By: Diane Ring
Today the 9th Circuit weighed in on the validity of a Seattle ordinance that requires businesses contracting with taxi-drivers, for-hire transportation companies, and “transportation network companies” to bargain with drivers if a majority of drivers seek such representation. The legislation, which effectively enables Uber and Lyft drivers to unionize, drew objections from Uber, Lyft and the Chamber of Commerce— which sued the City of Seattle. In an August 2017 post, I reviewed the ruling of the U.S. District Court for the Western District of Washington, which concluded that the Seattle ordinance was an appropriate exercise of the city’s authority and did not violate the Sherman Act (because of state action immunity) and was not preempted by the National Labor Relations Act (NLRA). So what did the 9th Circuit say?

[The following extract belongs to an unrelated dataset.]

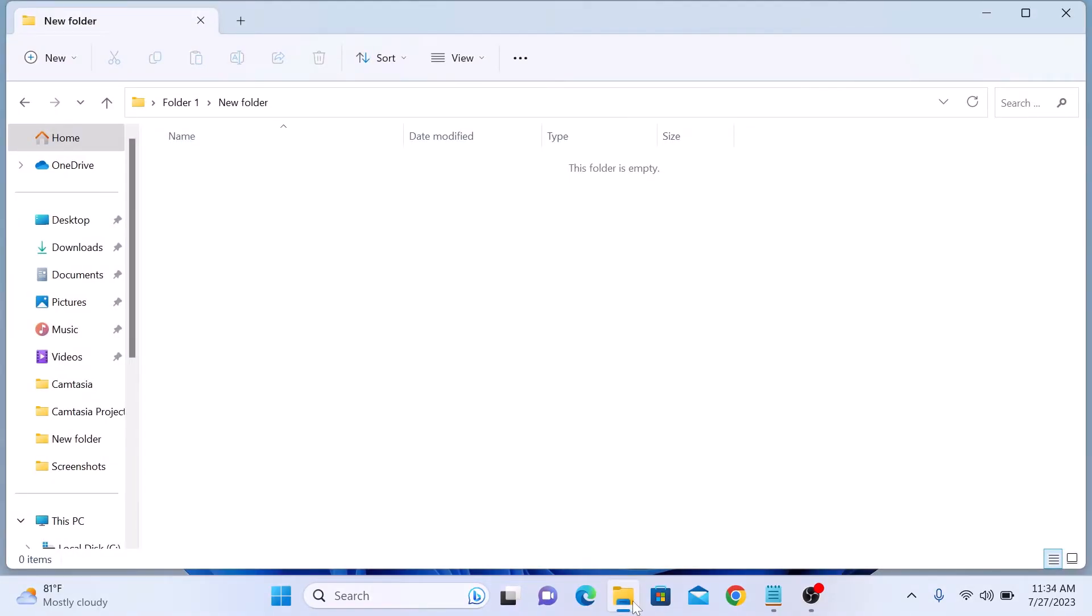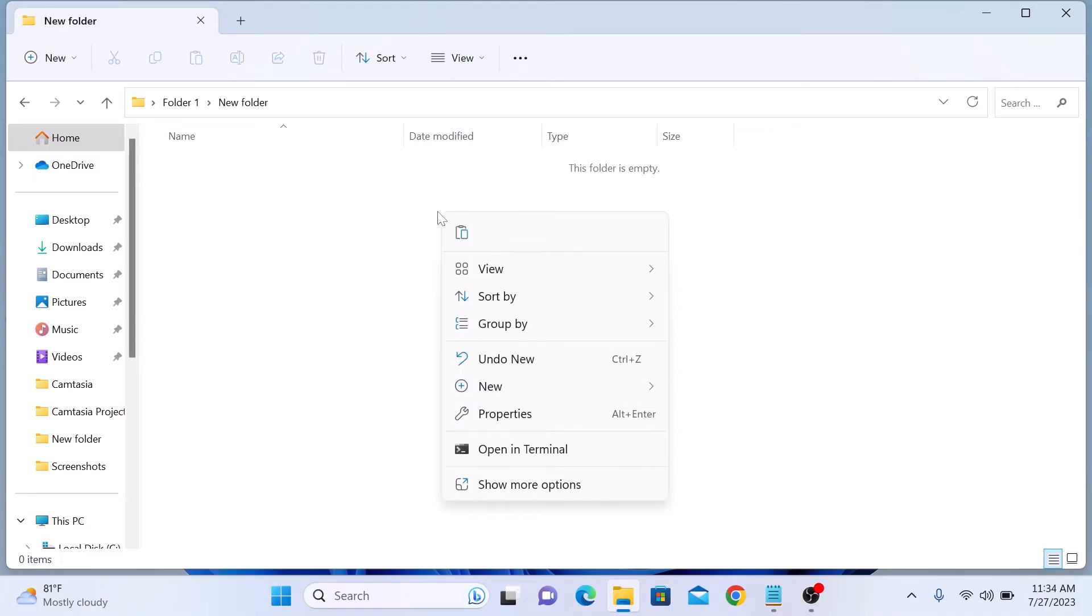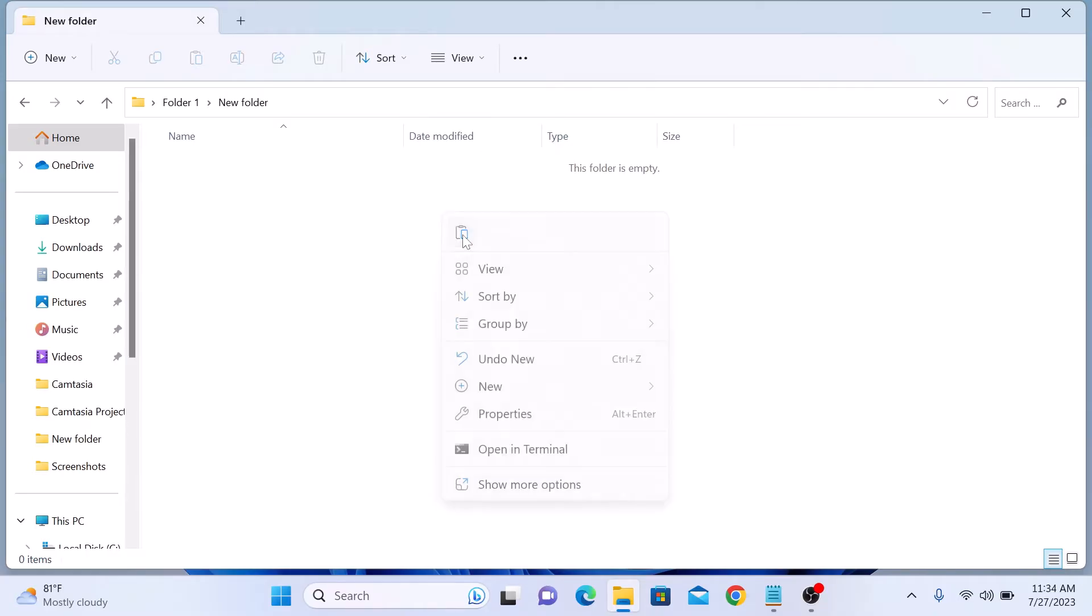Right-click at the desired location. This will again open a menu. Click on the paste icon.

The 9th Circuit affirmed the District Court ruling in part, and reversed in part. Specifically, the Court of Appeals affirmed the District Court determination that the ordinance was not preempted by the NLRA. But the 9th Circuit rejected the District Court conclusion that the Seattle ordinance satisfied the requirement for state action immunity. Thus, the 9th Circuit remanded the federal antitrust claims to the District Court. What this means is that the status of the Seattle ordinance remains uncertain, as we now await the District Court’s return to the case. Importantly, the 9th Circuit’s grounds for reversal do not dictate a specific conclusion by the District Court. The 9th Circuit has simply forced the District Court to address the antitrust claims head on, rather than rely on state action immunity to conclude that the ordinance was exempt from preemption by the Sherman Act.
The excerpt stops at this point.